A VOZ SUPREMA DO BLUES na Netflix
O título brasileiro, A Voz Suprema do Blues, sugere uma biografia laudatória da cantora pioneira Gertrude “Ma” Rainey (1886-1939). Mas o que Ma Rainey’s Black Bottom oferece é uma história trágica sobre a condição dos negros na Chicago dos anos 1920. Durante um dia de gravação num estúdio, em 1927, quatro músicos aguardam a cantora estar pronta para a performance e, enquanto isso, discutem e contam histórias dramáticas que poderiam inspirar boas letras de blues.
Uma luta pelo poder acontece em várias frentes. A temperamental e autoritária Ma Rainey vale-se de sua fama para impor exigências impertinentes sobre seu agente e o dono do estúdio, ambos brancos. O trompetista Levee veicula sua revolta contra Deus e o mundo num projeto de independência e afirmação do seu talento de compositor, o que o faz também entrar em choque com a grande dama.
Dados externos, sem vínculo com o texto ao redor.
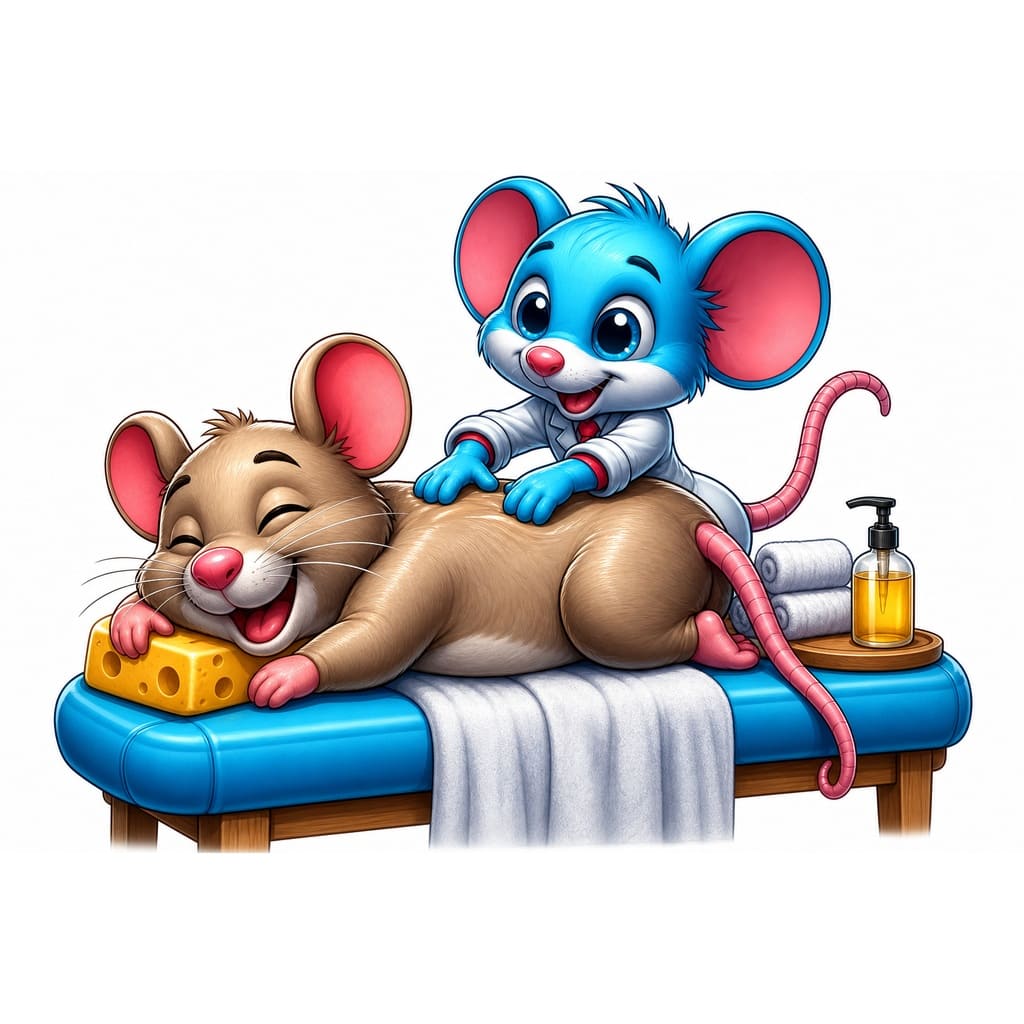 Мнемоническая картинка к слову MOUSE — Мышь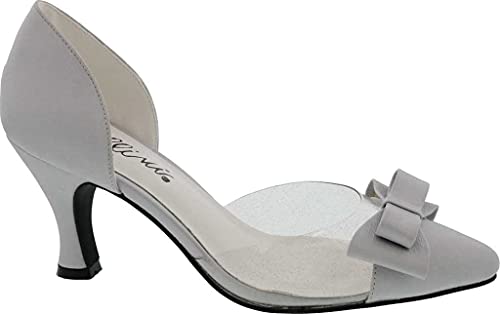 Bellini Cupcake Women's Bow Accent Closed-Toe 3 Inch D'Orsay Heels2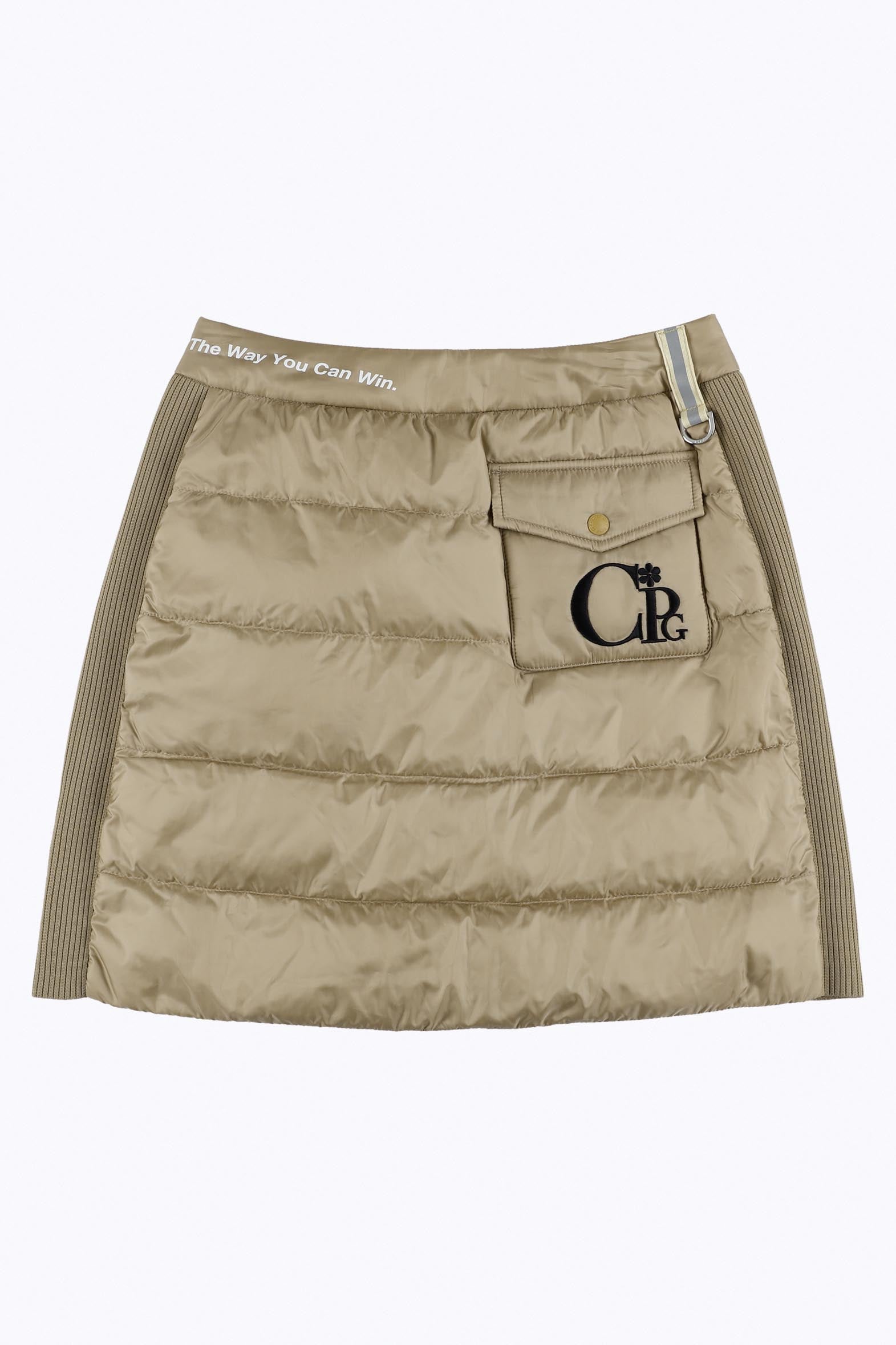 side knit down skirt（サイドニットダウンスカート）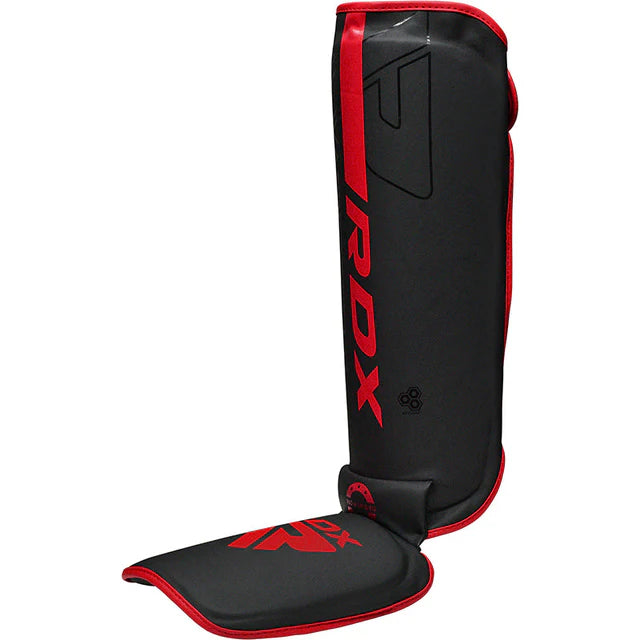 Protezione per soletta tibia RDX F6 KARA MMA - Rossa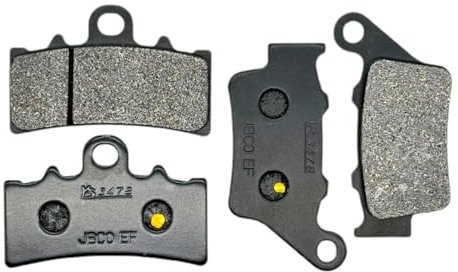 MotoForge Dynamics High-Performance Motorcycle Brake Pads for K-T-M Duke 125 (2011-2024) Duke 200 (2012-2021), Duke 250 (2014-2024), Front & Rear, Durable Ceramic Compound for Superior Stopping Power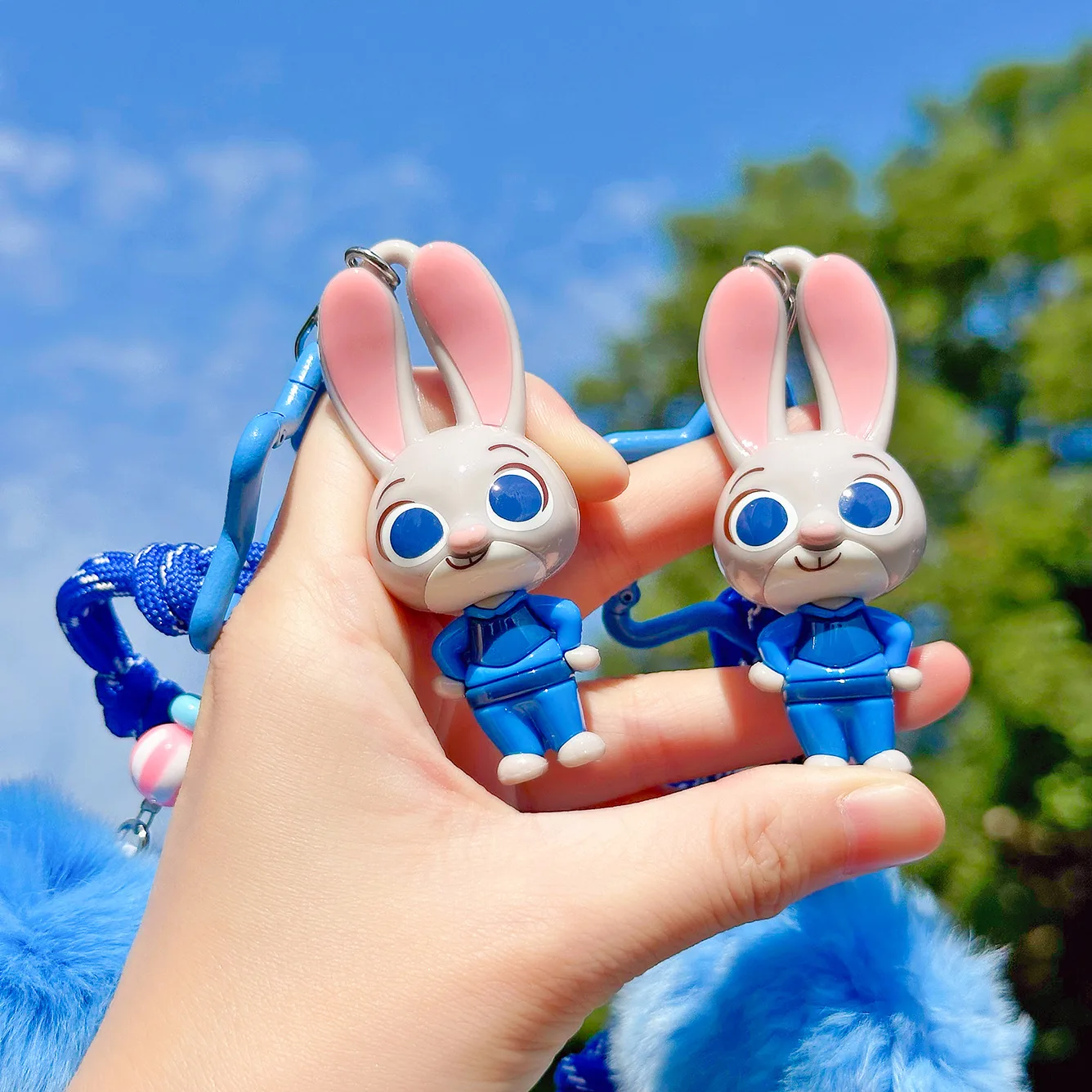 Nowy breloczek pluszowy Disney Zootopia Nick i Judy - zawieszka do plecaka z kreskówki na urodziny, Boże Narodzenie i Walentynki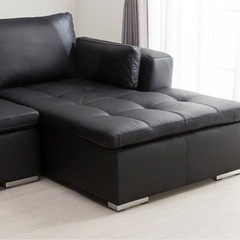ニトリ本革左カウチソファの画像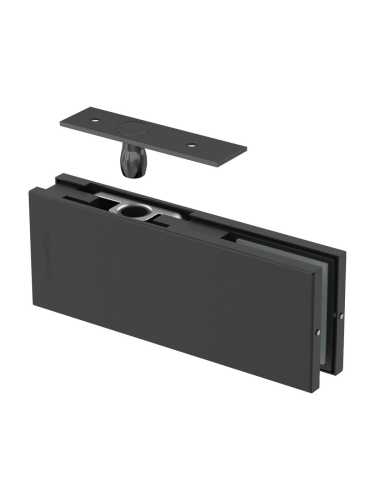 Петля верхняя Armadillo (Армадилло) с осью для стеклянной двери Range.GL.H20 BL черный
A tensão que circula entre todos os personagens ecoa a segregação racial e a humilhação dos negros fora dos limites estritos da performance artística. Mas os matizes são muito diversos. A peça homônima de August Wilson, encenada na Broadway em 1984, traz criaturas complexas, caracterizadas sem qualquer paternalismo ou triunfalismo. Há tanto a resignação do pianista com as “sobras” destinadas aos “de cor”, como a arrogância catártica de Ma Rainey. Temos a servidão do trombonista sempre pronto a respeitar a autoridade e o inconformismo desarvorado do trompetista. Some-se ainda o oportunismo da jovem namorada de Ma Rainey, a quem Levee lança sua verve de conquistador.
Está montado o quadro para uma jornada tarde adentro com esses personagens se entredevorando entre os raros e breves momentos musicais. Ao fim e ao cabo, ficamos com uma visão amarga de como o racismo fazia os negros se voltarem uns contra os outros perante a indiferença e a exploração dos brancos.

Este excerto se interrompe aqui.